I will say this though; Franz have got groovier and poppier. Sod Postcard, let’s reinvent Donna Summer (or exploit the Mott the Hoople-isms in Bite Hard). This development is a very good thing indeed. The sound does nod back to previous pop glories: for some reason, whilst listening to stuff like Turn it On or No You Girls I was reminded –  totally tangentially, I am sure – of Kilimanjaro-era Teardrop Explodes, or a beefed up Roxy Music debut LP, albeit without the acid groove or Eno-weirdouts respectively. Rather more embarrassingly for hip types who like FF, (but I’m sure not for them) a close acquaintance pointed out that listening to this LP was akin to listening to a good Duran Duran, (in the sense of imagining for a moment Duran ever actually being any good).

 

Still, they’re nothing if not diverse. Send Him Away plays with 60s Garage band pop song structures (Seeds anyone?) and the accompanying disc; Blood (billed as Dub LP, but in reality being closer to the Orb than King Tubby) has some spectacular moments and some duff ones. But the band is tough enough, & up-for-it enough to do this sort of experimentalism to its own work within a pop frame.
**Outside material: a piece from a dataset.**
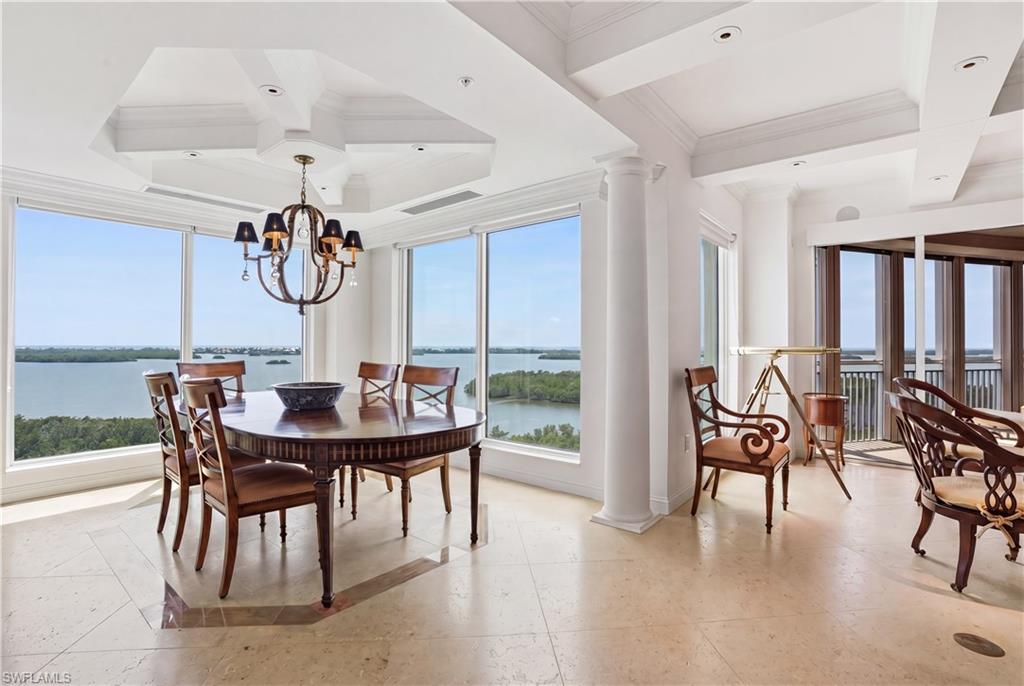 Experience the VIEW of a lifetime from this exquisitely designed and highly esteemed 10th-floor “03” residence in Estancia at Bonita Bay. This luxury three-bedroom, three-bath home captures sweeping panoramic vistas of Estero Bay, the Gulf, the golf course, and the resort-style pool. From the moment you enter, the views captivate. The seamless architectural flow and uninterrupted scenery immediately set the tone for refined coastal living.
The living and dining areas feature gorgeous ceiling details and open effortlessly to the screened balcony, where spectacular views create the ideal setting for unforgettable sunsets every night of the year. A spacious family room also opens to the screened balcony, offering multiple gathering spaces designed for both entertaining and everyday comfort. The heart of the home, the kitchen, is both elegant and functional, featuring stainless steel Monogram appliances, an induction cooktop, and granite countertops. The kitchen opens to the breakfast nook and family room, all perfectly positioned to take advantage of natural light and breathtaking views.
The luxurious primary suite serves as a private retreat, featuring direct access to the screened balcony, two custom walk-in closets with wood shelving and built-in drawers, and a spacious ensuite bath. The spa-inspired bathroom includes separate sinks, a dedicated vanity area, a walk-in shower, and a soaking tub.
Two well-appointed guest suites are thoughtfully positioned for privacy. Both guest bedrooms offer direct access to an open-air balcony with eastern views of Bonita Bay and the golf course, and each features its own ensuite bathroom. This residence is further enhanced by electric hurricane shutters, BRAND-NEW impact windows (2026), fresh exterior paint (2026), and a new roof completed in 2024. These outstanding improvements offer peace of mind and long-term value. Three balconies, including screened and open-air spaces, provide exceptional outdoor living from nearly every room. Custom walk-in closets throughout complete the home with thoughtful storage and refined detail. Residents of Estancia enjoy resort-style amenities, including a pool and spa, fitness center, a social room, gas grills by the pool, two onsite guest suites, and onsite management. Beyond the building, Bonita Bay offers an unmatched coastal lifestyle with a private beach club, marina with waterfront dining, miles of walking and biking trails, kayaking and canoeing, multiple parks, and optional membership opportunities for five championship golf courses, tennis, pickleball, fitness facilities, and fine dining. Ideally located just minutes from Gulf beaches, world-class shopping and dining, Downtown Bonita Springs, Downtown Naples, and RSW Airport, this residence delivers the perfect balance of luxury, convenience, and elevated Southwest Florida living.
And it’s the thumbs up from me.

 

The best stuff in undoubtedly the last handful of tracks, ranging from über-kitsch Boney M moments via sublime high gloss grooves to white noise freak outs, starting with What She Came For’s Sweet/Alice-style glam stomp and ending with their greatest tracks to date, the ramshackle, Neanderthal, lurid Lucid Dreams and the classic sleepwalker (no pun intended) Dream Again. The only downer is the fact that they don’t carry on that fab Dave Balfe-style synth outro on Live Alone for at least 15 minutes.

 

This is a hell of a strong LP, in my books their best; and a definite grower.